Zhao Rui, Hu Haofeng, Li Yun, Fan Yuze, Gao Fei, Gao Zhenhai
College of Automotive Engineering, Jilin University, Changchun 130025, China.
Graduate School of Information and Science Technology, The University of Tokyo, Tokyo 113-8654, Japan.
Sensors (Basel). 2024 Sep 25;24(19):6202. doi: 10.3390/s24196202.
Urban traffic congestion poses significant economic and environmental challenges worldwide. To mitigate these issues, Adaptive Traffic Signal Control (ATSC) has emerged as a promising solution. Recent advancements in deep reinforcement learning (DRL) have further enhanced ATSC's capabilities. This paper introduces a novel DRL-based ATSC approach named the Sequence Decision Transformer (SDT), employing DRL enhanced with attention mechanisms and leveraging the robust capabilities of sequence decision models, akin to those used in advanced natural language processing, adapted here to tackle the complexities of urban traffic management.
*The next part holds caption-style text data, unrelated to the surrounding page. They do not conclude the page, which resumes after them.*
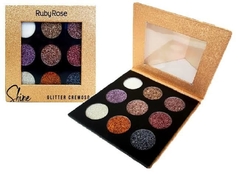 Paleta De Sombras Glitter Cremoso Shine Ruby Rose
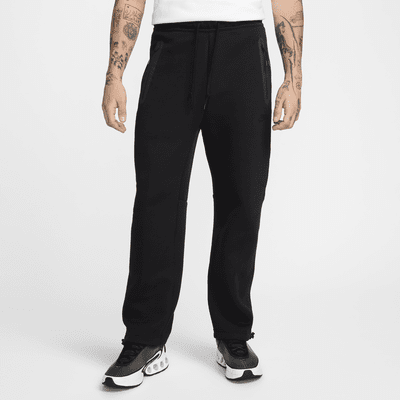 Nike Tech Men's Fleece Open-Hem Trousers. Nike UK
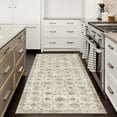 thumbnail image 3 of ReaLife Machine Washable Rug - Stain Resistant, Non-Shed - Eco-Friendly, Padded, Family & Pet Friendly - Made from Premium Recycled Fibers - Bryn Vintage Distressed - Ivory BG Seafoam - 2'6" x 6', 3 of 6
Firstly, the ATSC problem is modeled as a Markov Decision Process (MDP), with the observation space, action space, and reward function carefully defined. Subsequently, we propose SDT, specifically tailored to solve the MDP problem. The SDT model uses a transformer-based architecture with an encoder and decoder in an actor-critic structure. The encoder processes observations and outputs, both encoded data for the decoder, and value estimates for parameter updates. The decoder, as the policy network, outputs the agent's actions. Proximal Policy Optimization (PPO) is used to update the policy network based on historical data, enhancing decision-making in ATSC. This approach significantly reduces training times, effectively manages larger observation spaces, captures dynamic changes in traffic conditions more accurately, and enhances traffic throughput. Finally, the SDT model is trained and evaluated in synthetic scenarios by comparing the number of vehicles, average speed, and queue length against three baselines, including PPO, a DQN tailored for ATSC, and FRAP, a state-of-the-art ATSC algorithm. SDT shows improvements of 26.8%, 150%, and 21.7% over traditional ATSC algorithms, and 18%, 30%, and 15.6% over the FRAP. This research underscores the potential of integrating Large Language Models (LLMs) with DRL for traffic management, offering a promising solution to urban congestion.
城市交通拥堵在全球范围内带来了重大的经济和环境挑战。为了缓解这些问题,自适应交通信号控制(ATSC)已成为一种有前景的解决方案。深度强化学习(DRL)的最新进展进一步提升了ATSC的能力。本文介绍了一种名为序列决策变压器(SDT)的基于DRL的新型ATSC方法,该方法采用了注意力机制增强的DRL,并利用了序列决策模型的强大能力,类似于高级自然语言处理中使用的模型,在此处进行了调整以应对城市交通管理的复杂性。首先,将ATSC问题建模为马尔可夫决策过程(MDP),并仔细定义了观察空间、动作空间和奖励函数。随后,我们提出了专门用于解决MDP问题的SDT。SDT模型采用基于变压器的架构,在演员-评论家结构中具有编码器和解码器。编码器处理观察结果并输出,既为解码器输出编码数据,也为参数更新输出价值估计。解码器作为策略网络,输出智能体的动作。近端策略优化(PPO)用于基于历史数据更新策略网络,增强ATSC中的决策制定。这种方法显著减少了训练时间,有效管理了更大的观察空间,更准确地捕捉交通状况的动态变化,并提高了交通吞吐量。最后,通过将车辆数量、平均速度和队列长度与三个基线进行比较,在合成场景中对SDT模型进行训练和评估,这三个基线包括PPO、专为ATSC定制的深度Q网络(DQN)以及最先进的ATSC算法FRAP。与传统ATSC算法相比,SDT分别提高了26.8%、150%和21.7%,与FRAP相比分别提高了18%、30%和15.6%。这项研究强调了将大语言模型(LLMs)与DRL集成用于交通管理的潜力,为城市拥堵提供了一个有前景的解决方案。